LT_AI_Medical / README.md
Zygisluk's picture
Update README.md
de3999c verified
---
language:
- lt
tags:
- whisper
- faster-whisper
- ctranslate2
- automatic-speech-recognition
- lithuanian
- medical
license: apache-2.0
base_model: openai/whisper-large-v3
library_name: ctranslate2
pipeline_tag: automatic-speech-recognition
---
[English](#english) | [Lietuvių](#lietuvių)
# English
## LT_AI_Medical — Lithuanian Medical Whisper
A fine-tuned [Whisper large-v3](https://huggingface.co/openai/whisper-large-v3) model for Lithuanian medical
speech-to-text transcription, optimized for [faster-whisper](https://github.com/SYSTRAN/faster-whisper) (CTranslate2
format).
## Model Details
- **Base model:** [openai/whisper-large-v3](https://huggingface.co/openai/whisper-large-v3)

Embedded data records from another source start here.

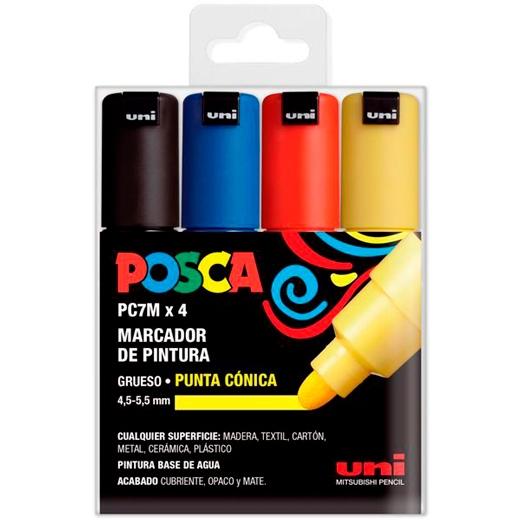 Posca PC-7M Estuche de 4 Marcadores de Pintura - Punta de Bala 4.5-5.5mm - Tinta Base al Agua - Resistente a la Luz - No Permanente - Color Surtido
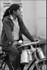 India Porbandar girl on bicycle bw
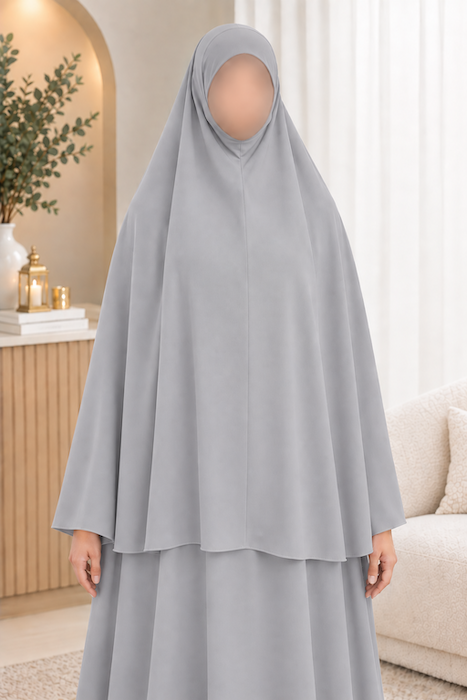 5XL: Khimar Niqab Light Grey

- **Fine-tuning method:** LoRA (Low-Rank Adaptation) adapters, merged into the base model
- **Format:** CTranslate2 (float16 quantization)
- **Language:** Lithuanian (`lt`)
- **Domain:** Medical dictation (radiology, family medicine)
- **Dataset:** [VSSA-SDSA/LT_Medical_S_corpus](https://huggingface.co/datasets/VSSA-SDSA/LT_Medical_S_corpus)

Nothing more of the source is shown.